Re: Proposing UTF-21/24

From: Frank Ellermann (nobody@xyzzy.claranet.de)
Date: Sat Jan 20 2007 - 19:32:59 CST

  • Next message: David Starner: "Re: Proposing UTF-21/24"

    Ruszlan Gaszanov wrote:

    > Any comments?

    Some of your arguments like "won't need a BOM anymore" don't make
    sense for me, but the UTF-24A idea is nice. Even if I'm lost in
    a sequence of UTF-24A octets I can always find the start or end
    of a UTF-24A code point: 1P0 can be 100 or 110, therefore bytes
    with MSB 1 are the start unless the previous byte also has MSB 1,
    and then the previous byte is the start.
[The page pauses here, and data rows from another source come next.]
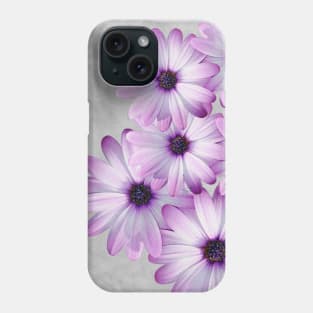 Purple Daisies and Gray Phone Case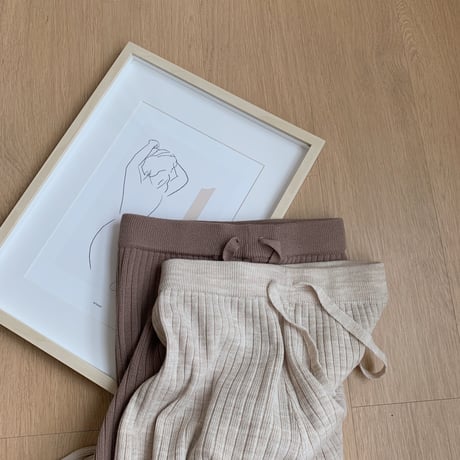 relax knit pants/2colors_np0044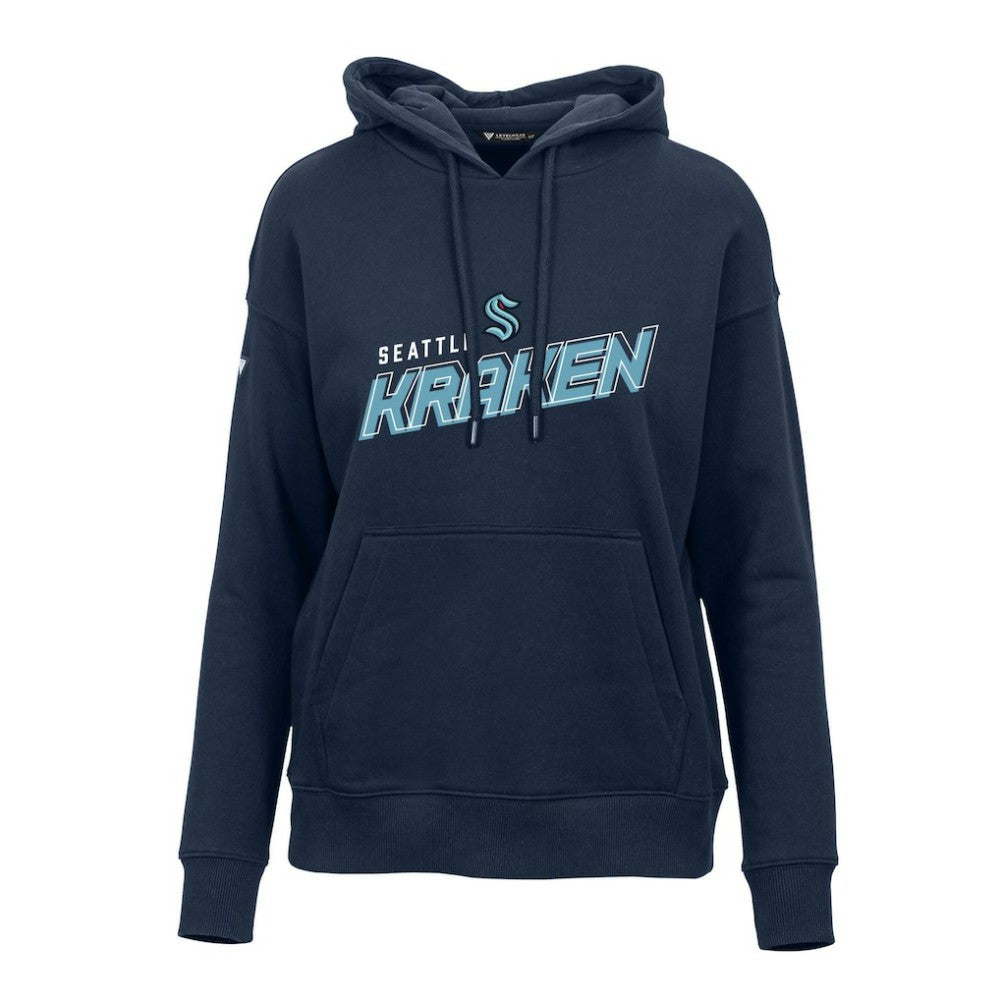 Seattle Kraken Levelwear Women's Adorn Premier 2.0 Fleece Pullover Hoodie - Deep Sea Blue Hoodies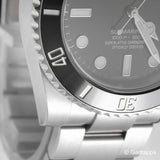 Vintage Rolex Submariner No-Date 114060 Black Dial Men’s Watch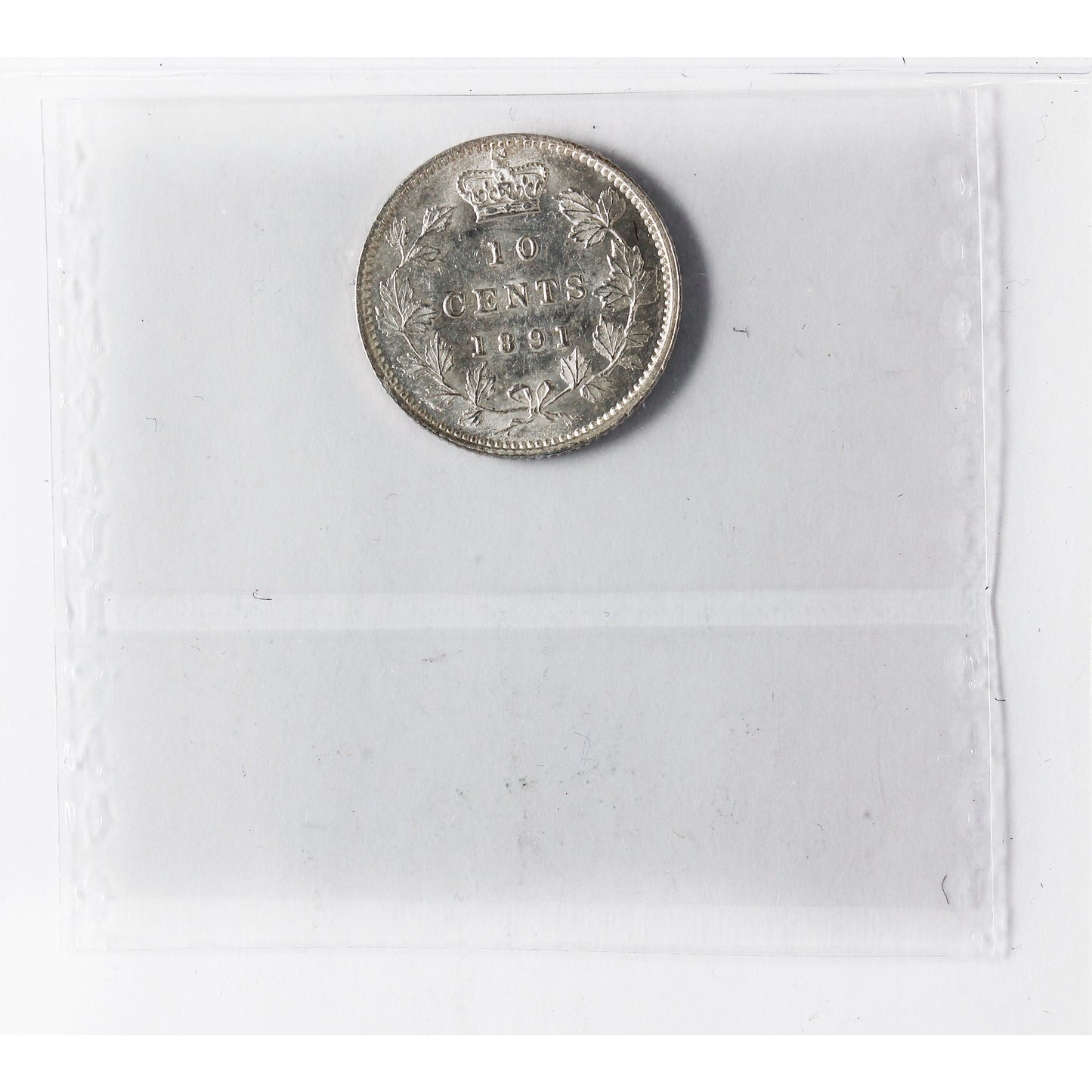 1891 22 Leaves Canada 10-cents ICCS Certified AU55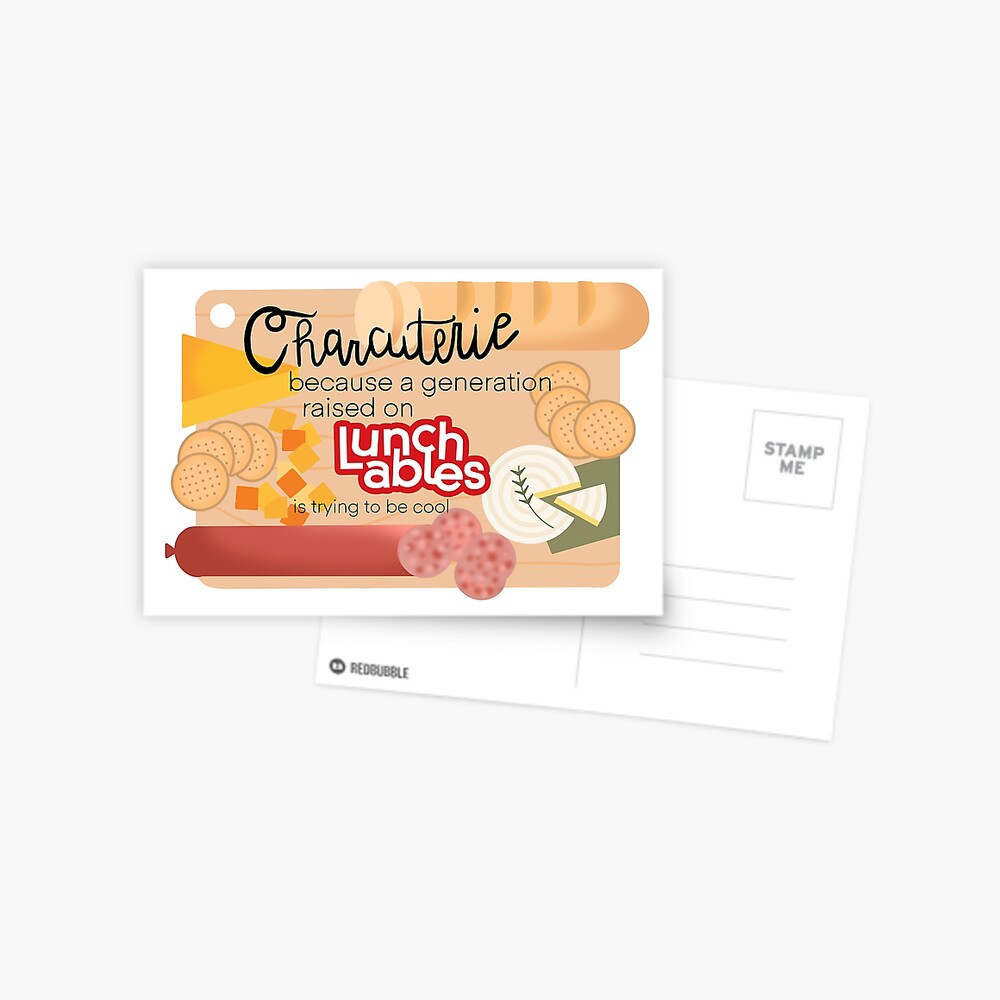 Charcuterie is Lunchables for Adults Photographic Print for Sale by  Ashleigh Moroni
Similarly LSB 0 could
    be used to determine the end.

    One disadvantage of your scheme, unlike UTF-8 it can't be directly
    expressed in CharmapML, the parity bit destroys simple patterns,
    and an enumeration of 2**21 (minus surrogates) code points won't
    fly. But BOCU-1 has the same issue, that's no showstopper.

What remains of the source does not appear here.